This is [Theorem 2.1, Chase].

Proposition 10.89.6. Let $R$ be a ring. The following are equivalent

  1. $R$ is coherent,

  2. any product of flat $R$-modules is flat, and

  3. for every set $A$ the module $R^ A$ is flat.

Proof. Assume $R$ coherent, and let $Q_\alpha $, $\alpha \in A$ be a set of flat $R$-modules. We have to show that $I \otimes _ R \prod _\alpha Q_\alpha \to \prod Q_\alpha $ is injective for every finitely generated ideal $I$ of $R$, see Lemma 10.38.5. Since $R$ is coherent $I$ is an $R$-module of finite presentation. Hence $I \otimes _ R \prod _\alpha Q_\alpha = \prod I \otimes _ R Q_\alpha $ by Proposition 10.88.3. The desired injectivity follows as $I \otimes _ R Q_\alpha \to Q_\alpha $ is injective by flatness of $Q_\alpha $.
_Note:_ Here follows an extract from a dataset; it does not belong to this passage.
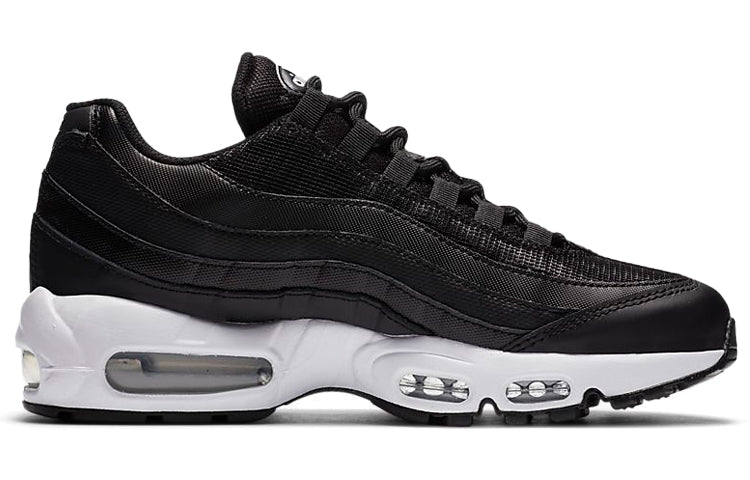 (WMNS) Nike Air Max 95 Essential 'Black White' CK7070-001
The implication (2) $\Rightarrow $ (3) is trivial.

Assume that the $R$-module $R^ A$ is flat for every set $A$. Let $I$ be a finitely generated ideal in $R$. Then $I \otimes _ R R^ A \to R^ A$ is injective by assumption. By Proposition 10.88.2 and the finiteness of $I$ the image is equal to $I^ A$. Hence $I \otimes _ R R^ A = I^ A$ for every set $A$ and we conclude that $I$ is finitely presented by Proposition 10.88.3. $\square$


Comments (2)

Comment #1448 by jp on

Reference: this proposition is a result from the thesis of Stephen Chase (1960). It was published as Theorem 2.1 in his "Direct Products of Modules," Trans. AMS 97, 1960, pp. 457–473.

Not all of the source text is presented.